DATA BELOW:
• • • • • • •

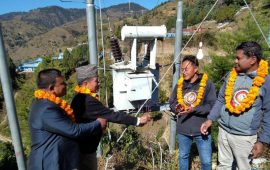 थबाङमा जोडियो विद्युतको केन्द्रीय प्रसारण लाइन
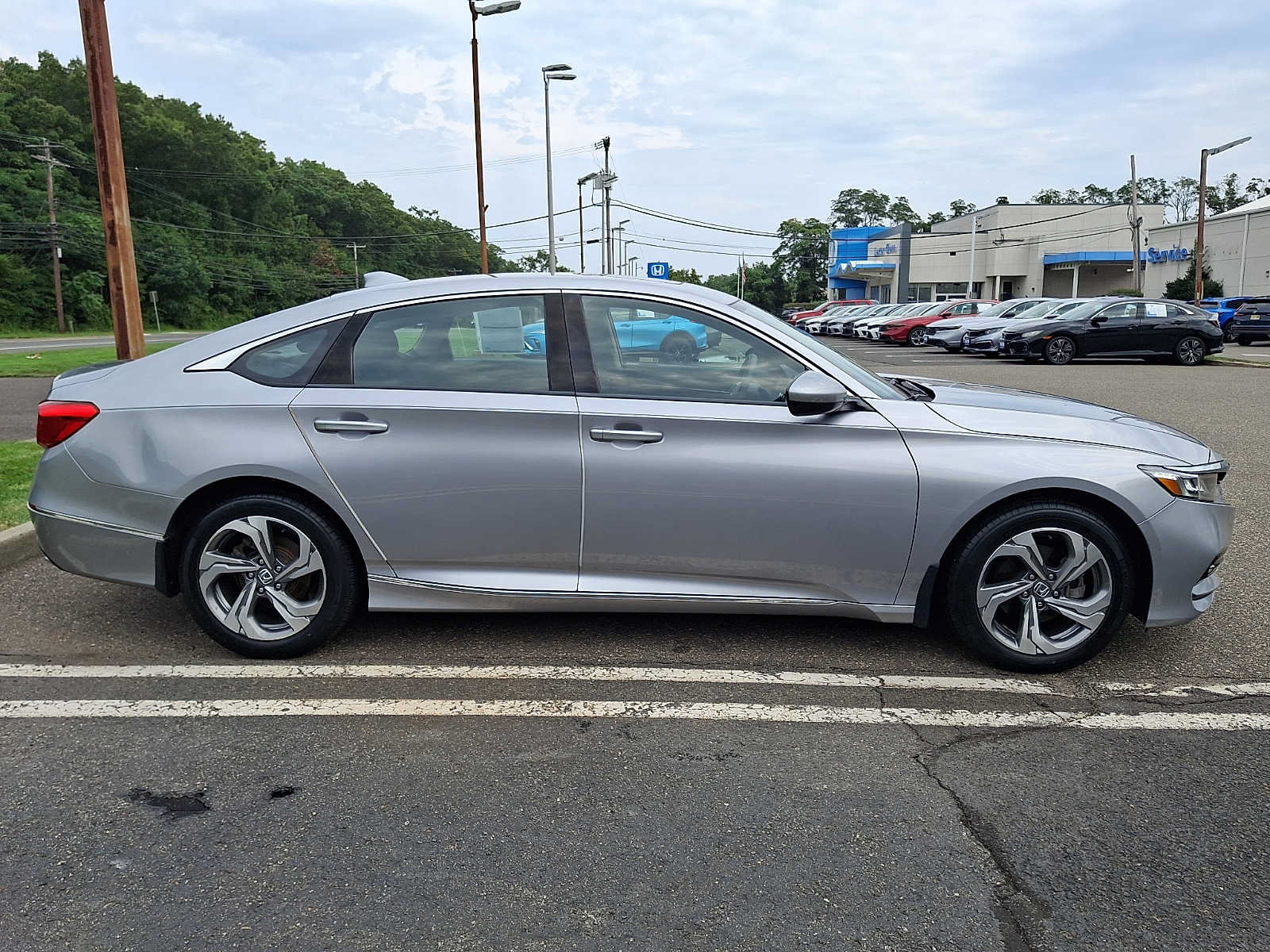 Certified 2020 Honda Accord EX image 7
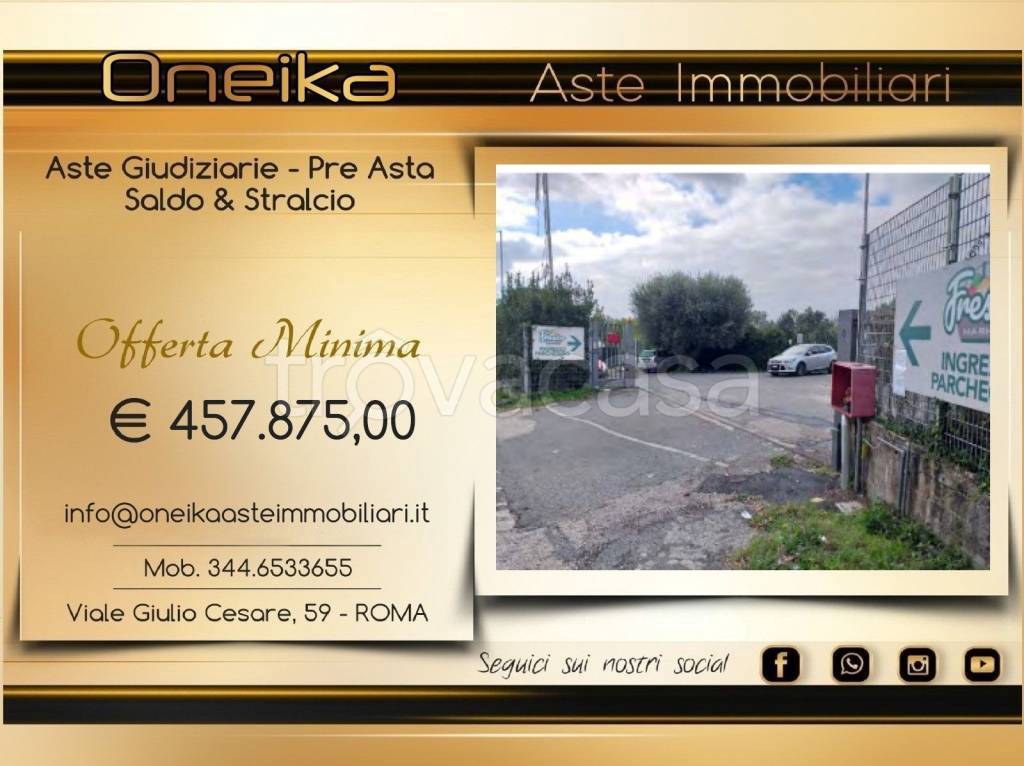 locale commerciale in vendita a Genzano di Roma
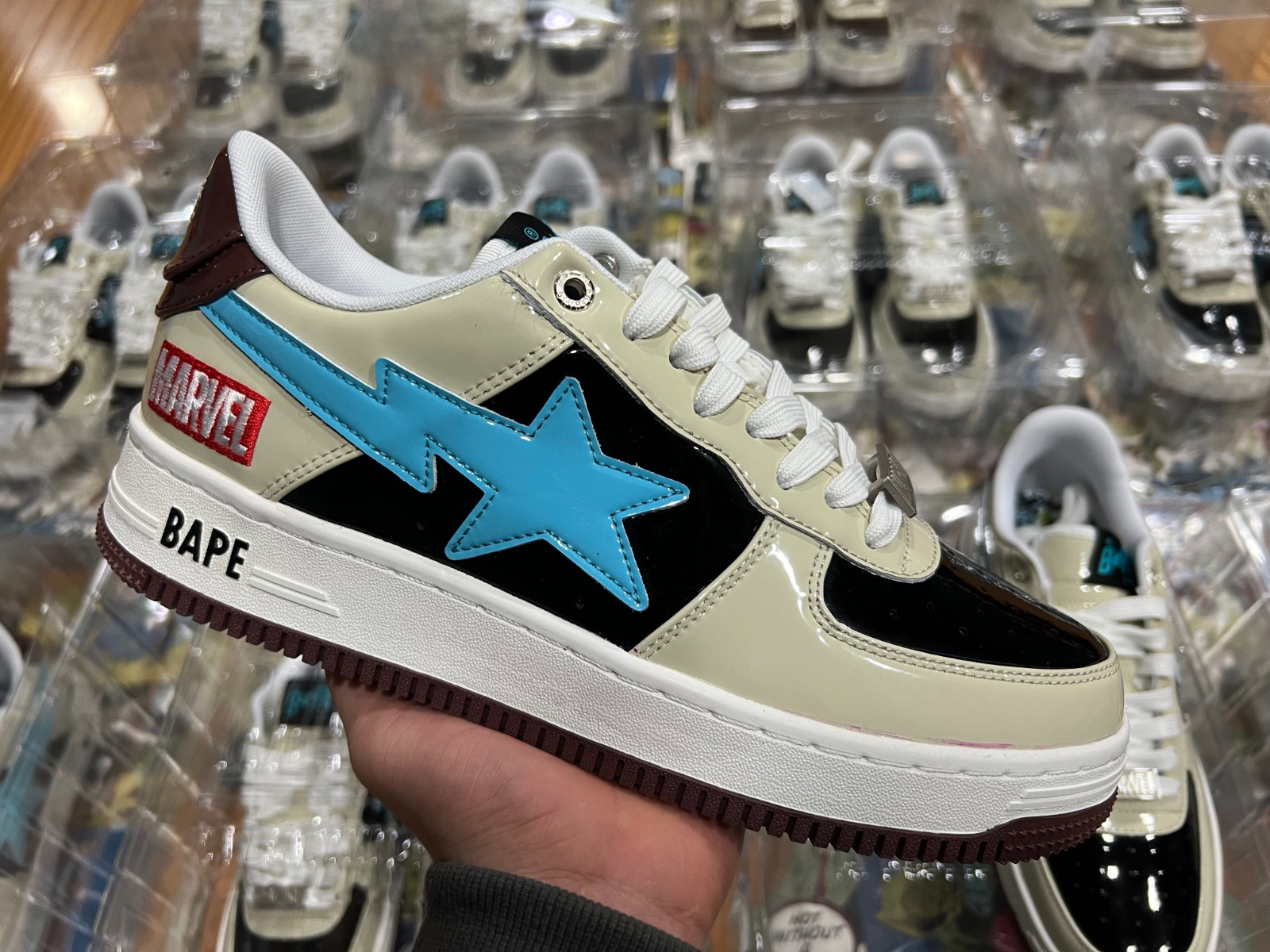 BAPE SNEAKERS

• • • • • • •

EXERCISE AIM: Your task is to repeat exactly the lines from the one containing "Certified 2020 Honda Accord EX image 7" through the end of the material, both included, and only those, without pictures.

EXERCISE OUTPUT:
 Certified 2020 Honda Accord EX image 7
 locale commerciale in vendita a Genzano di Roma
 BAPE SNEAKERS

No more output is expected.